At the law school event—a Dean’s Forum moderated by HLS Dean Elena Kagan ’86—Waxman was joined by Professor Jack Goldsmith, an expert on issues of law and terrorism, for a wide-ranging discussion of the Boumediene case and the three earlier cases in which the Court has addressed post-9/11 constitutional and statutory questions. (Watch a webcast of the discussion.)

Goldsmith, who served as head of the Justice Department’s Office of Legal Counsel, joined the HLS the faculty in 2004. He is the author of “The Terror Presidency,” a 2007 book that details the legal issues the Bush administration faced, and continues to face, in the war on terror, including the definition of torture, the applicability of the Geneva Conventions to the war on terror and the Iraq War, the detention and trial of suspected terrorists at Guantanamo Bay and elsewhere, and wiretapping laws.
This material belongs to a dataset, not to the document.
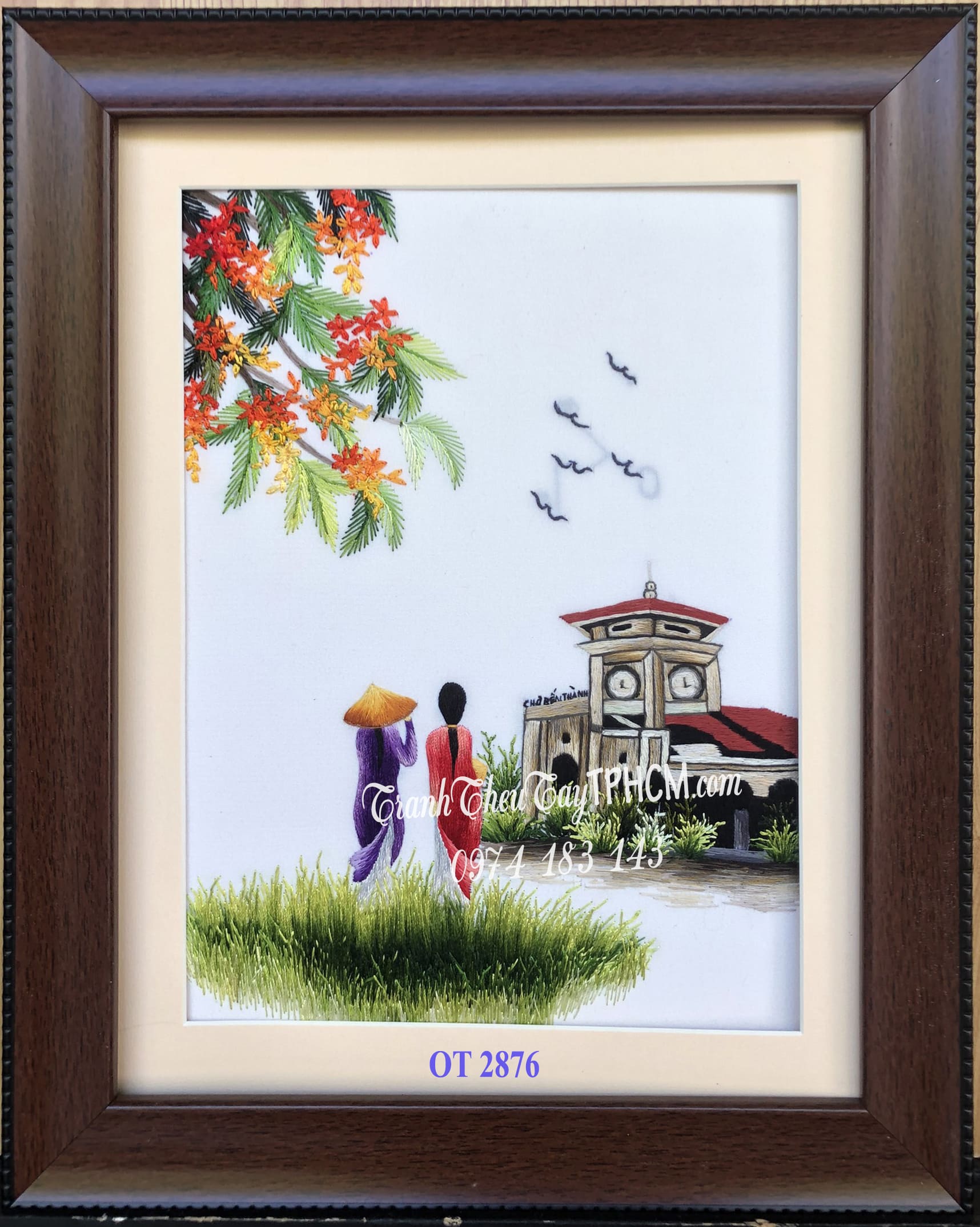 tranh chợ bến thành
In the book, he argues that, despite his sympathy for the motivations behind the Bush administration’s terrorism policies, the administration’s approach in its response to the events of 9/11 was counterproductive.

Goldsmith reiterated that point in the forum event, but added that Congress, too, had not done enough in this area. He said the next Congress should not delay in holding hearings and clarifying the law on terror-related issues, which should be a top priority of incoming legislators and a new administration, hopefully working in tandem.

Waxman and Goldsmith traced the development of the Supreme Court’s post-9/11 rulings on the rights of terrorism detainees. Most of the discussion focused on the case of Boumediene, a naturalized citizen of Bosnia and Herzegovina, held in military detention by the United States at the Guantanamo Bay. The case challenged the legality of Boumediene’s detention at Guantanamo Bay as well as the constitutionality of the Military Commissions Act (MCA) of 2006. In June, the Supreme Court ruled 5-4 that the prisoners had a right to habeas corpus review under the United States Constitution, and that the MCA was an unconstitutional suspension of that right.

Waxman, who continues to represent Boumediene, is now preparing for a trial of the case scheduled for October in U.S. district court for the D.C. Circuit. He said that the pre-trial preparation is especially challenging because the Supreme Court did not specify what kinds of procedural protections should be available. For example, Waxman asked, is the Government obligated to turn over any exculpatory evidence suggesting that Boumediene was not an enemy combatant? That question, and many others, remain unanswered, he said.

Goldsmith warned of the “law of unintended consequences,” predicting that the military might find ways to detain and hold prisoners abroad, in places not covered by court rulings granting more and more procedural protections to detainees held on US territory.

Waxman answered that if such protections are not available, hostile governments will increasingly limit the procedural rights they give to Americans on foreign soil, and will be impervious to US complaints and diplomatic pressure.